**Data listing**
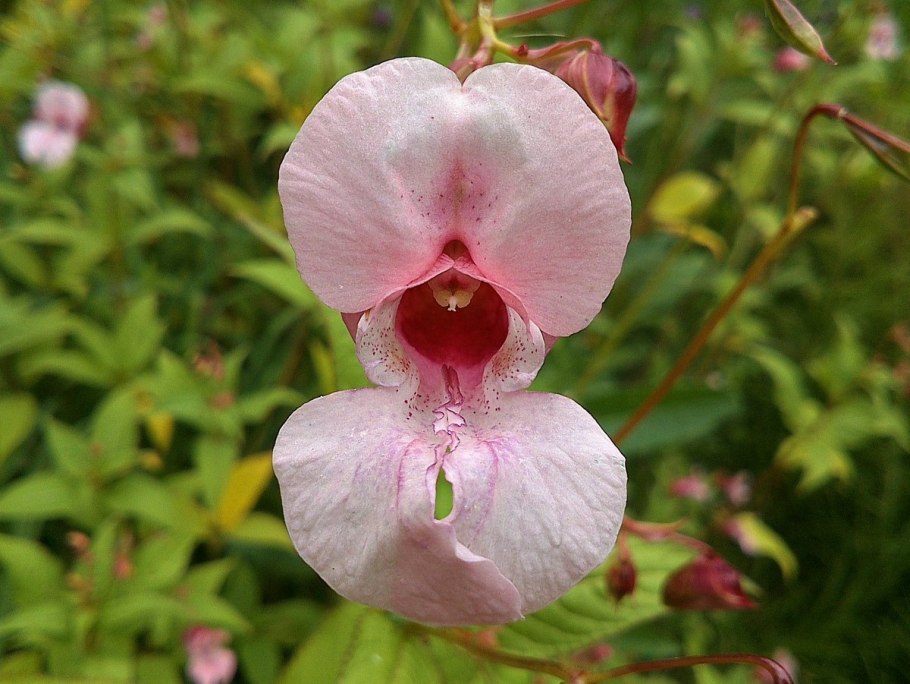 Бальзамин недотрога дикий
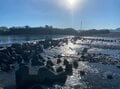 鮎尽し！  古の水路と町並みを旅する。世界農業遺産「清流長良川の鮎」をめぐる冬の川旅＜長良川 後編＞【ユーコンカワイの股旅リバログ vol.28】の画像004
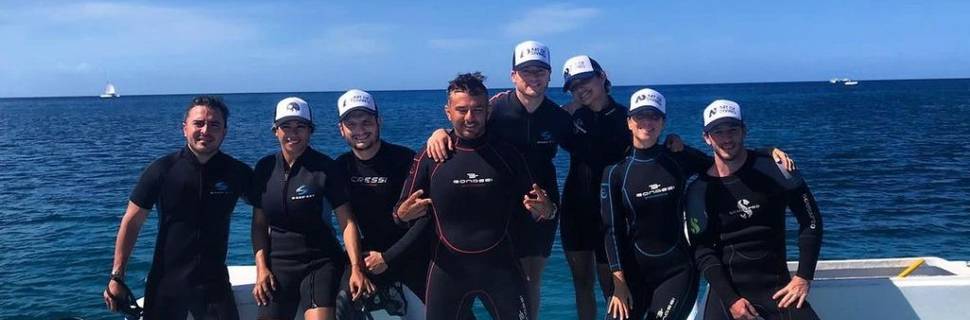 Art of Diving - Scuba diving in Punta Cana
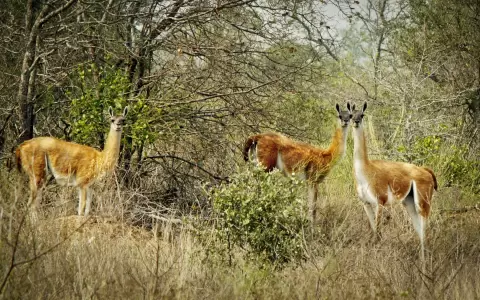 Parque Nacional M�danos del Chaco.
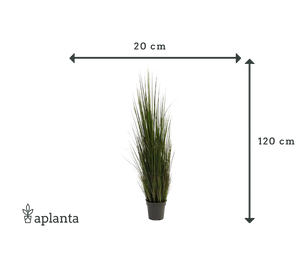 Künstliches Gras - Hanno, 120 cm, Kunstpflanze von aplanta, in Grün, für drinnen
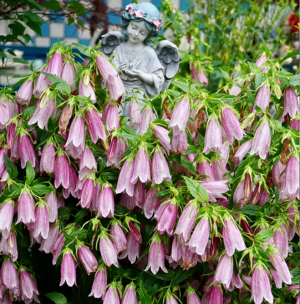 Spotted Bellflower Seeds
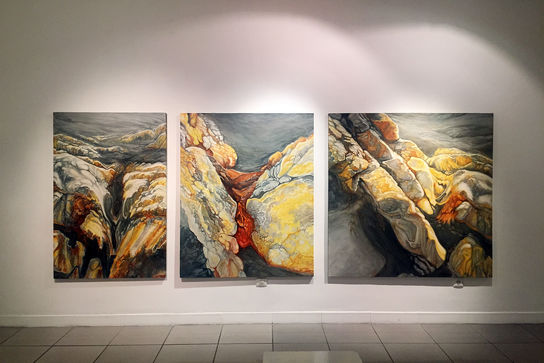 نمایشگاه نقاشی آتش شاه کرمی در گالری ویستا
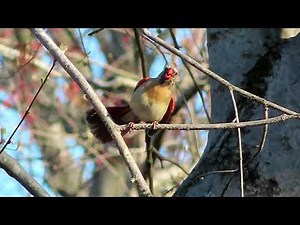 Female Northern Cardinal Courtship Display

**Work instruction**
When you repeat the material, keep every word exact and drop the pictures.

**Solution**
 Бальзамин недотрога дикий
 鮎尽し！  古の水路と町並みを旅する。世界農業遺産「清流長良川の鮎」をめぐる冬の川旅＜長良川 後編＞【ユーコンカワイの股旅リバログ vol.28】の画像004
 Art of Diving - Scuba diving in Punta Cana
 Parque Nacional M�danos del Chaco.
 Künstliches Gras - Hanno, 120 cm, Kunstpflanze von aplanta, in Grün, für drinnen
 Spotted Bellflower Seeds
 نمایشگاه نقاشی آتش شاه کرمی در گالری ویستا
 Female Northern Cardinal Courtship Display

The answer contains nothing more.